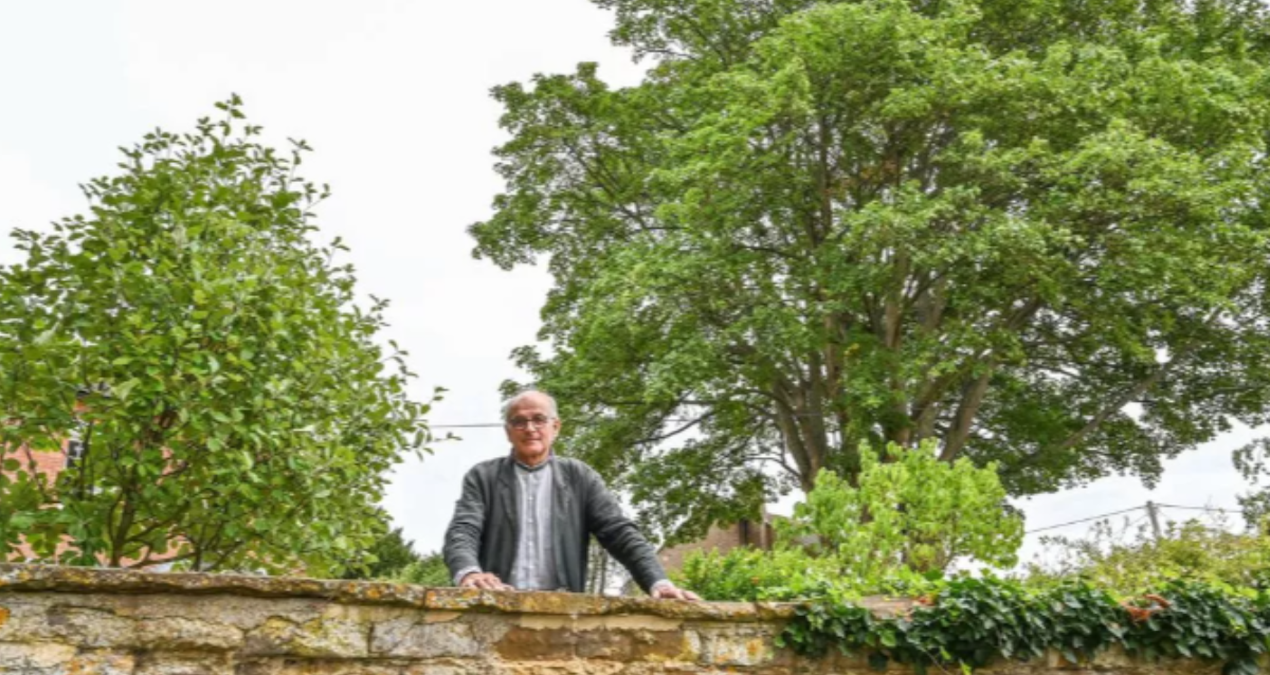 tum bu agac icin koy seferber oldu cok degerli 3F2LchSB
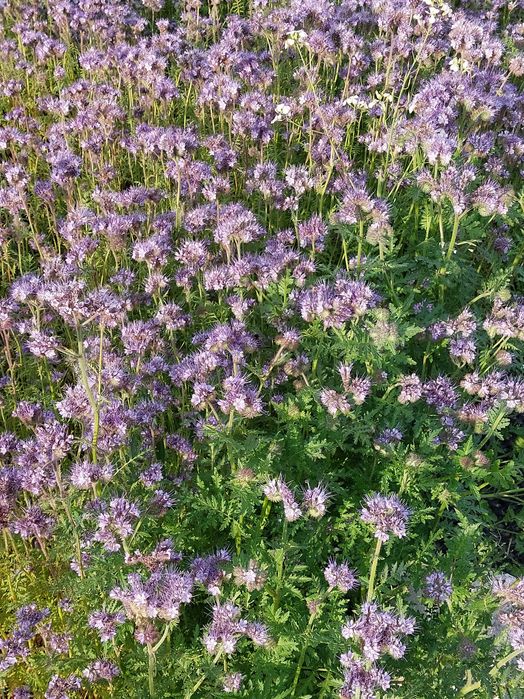 Facelia błękitna na poplon lub pożytek dla pszczół miododajna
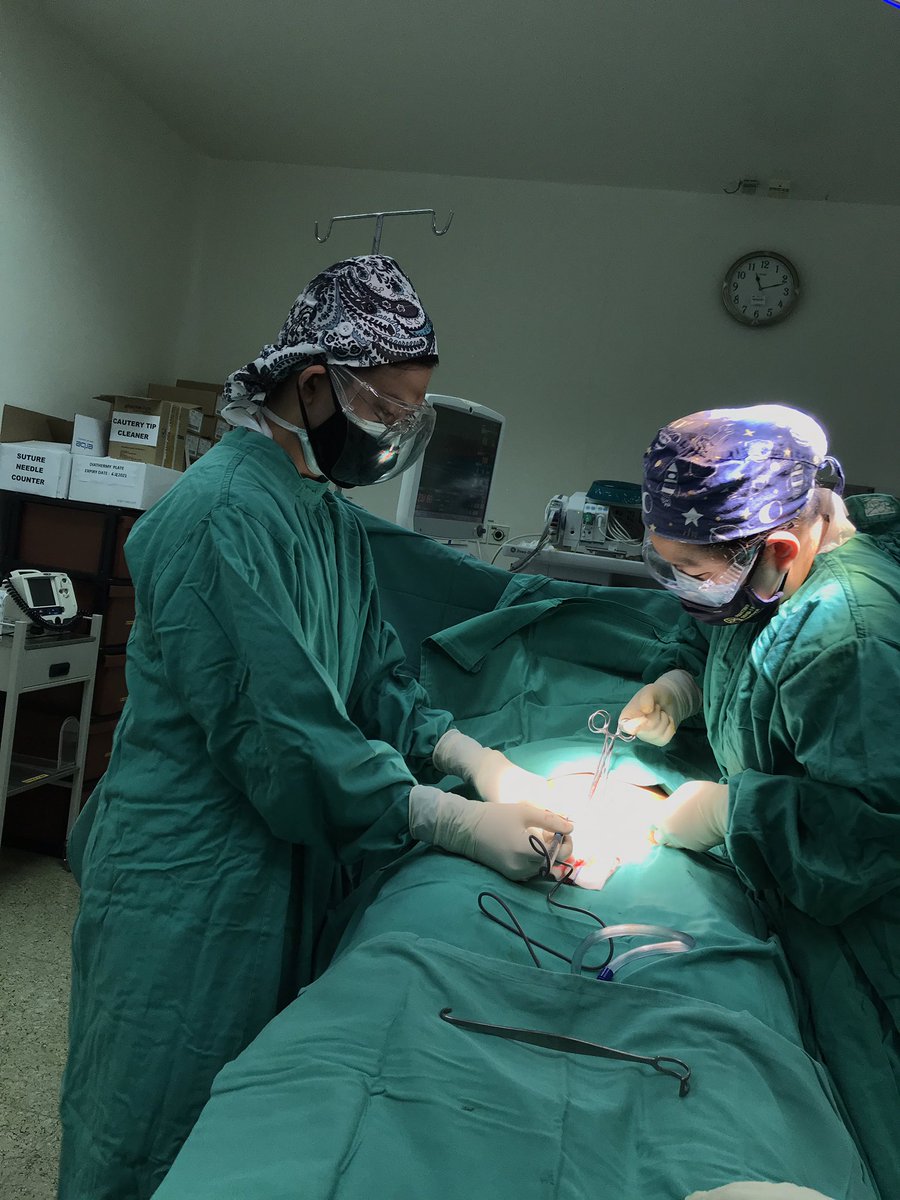YukiJuliusNg's tweet photo. 6/10/21
Today I had the privilege to order my first #10blade 

First op was bilateral tubal ligation, one of the 44 essential surgical skills needed for any district level hospital to be providing according to the #DCP3

#ILookLikeASurgeon #Globalsurgery #SoMe4Surgery https://t.co/MQVtNMX8ft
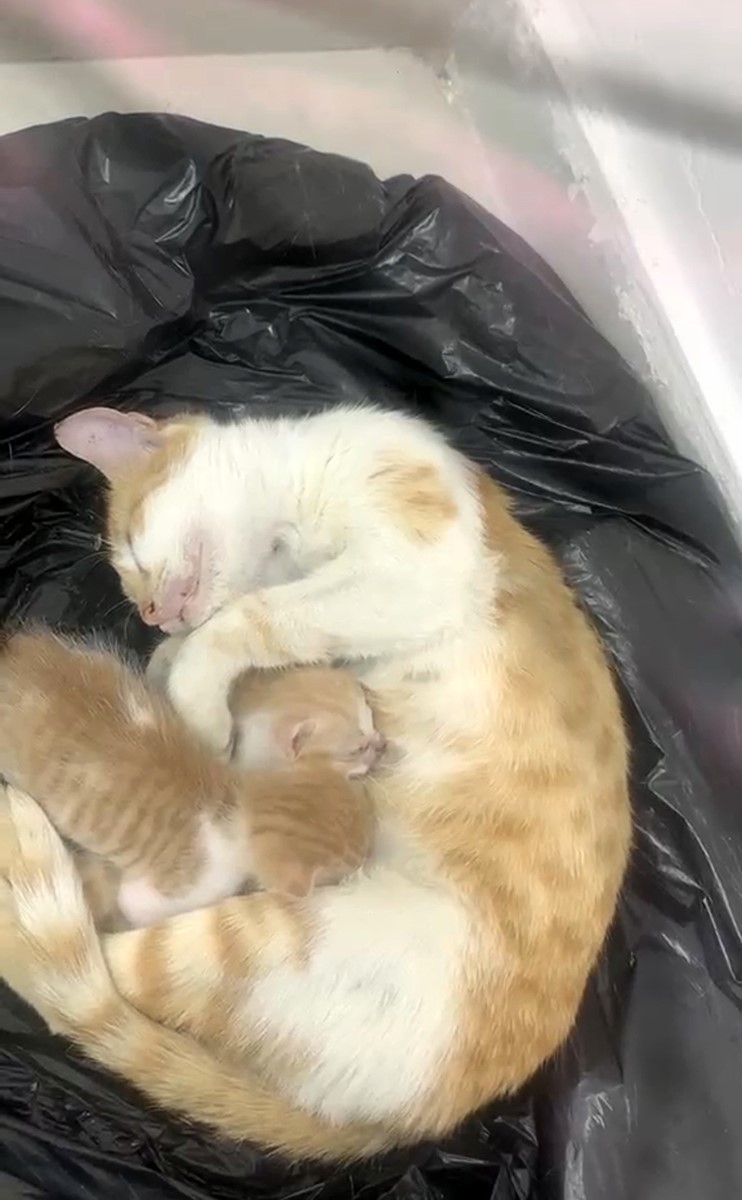 anne-kedi-yavrulariyla-sosyal-yardimlasma-vakfi-na-sigindi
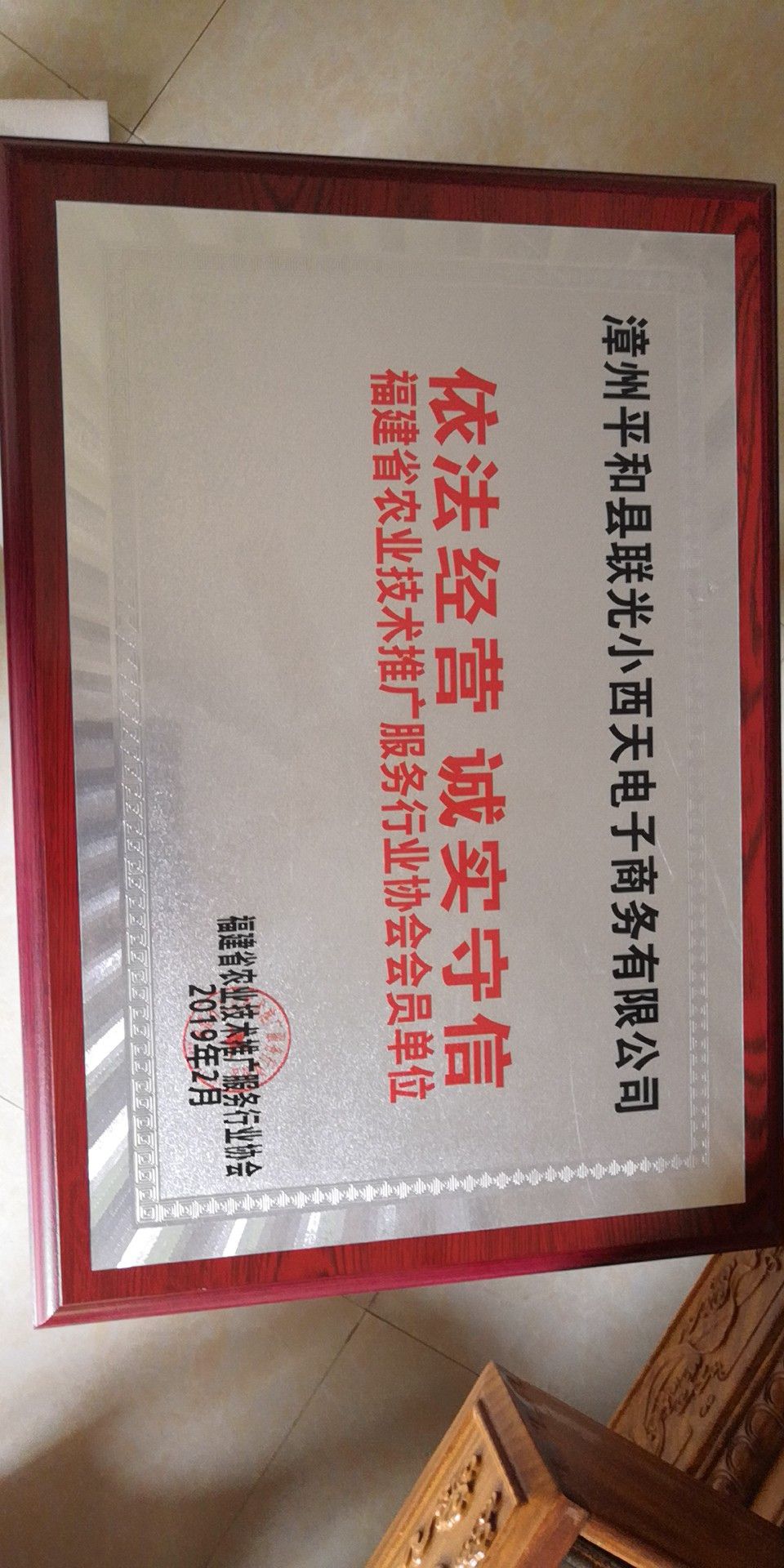 琯溪 平和蜜柚苗  福建平和三红蜜柚苗【无籽大红肉】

- EXERCISE
Drop the images; return the entries above exactly as they appear.

- EXERCISE RESULT
 tum bu agac icin koy seferber oldu cok degerli 3F2LchSB
 Facelia błękitna na poplon lub pożytek dla pszczół miododajna
YukiJuliusNg's tweet photo. 6/10/21
Today I had the privilege to order my first #10blade 

First op was bilateral tubal ligation, one of the 44 essential surgical skills needed for any district level hospital to be providing according to the #DCP3

#ILookLikeASurgeon #Globalsurgery #SoMe4Surgery https://t.co/MQVtNMX8ft
 anne-kedi-yavrulariyla-sosyal-yardimlasma-vakfi-na-sigindi
 琯溪 平和蜜柚苗  福建平和三红蜜柚苗【无籽大红肉】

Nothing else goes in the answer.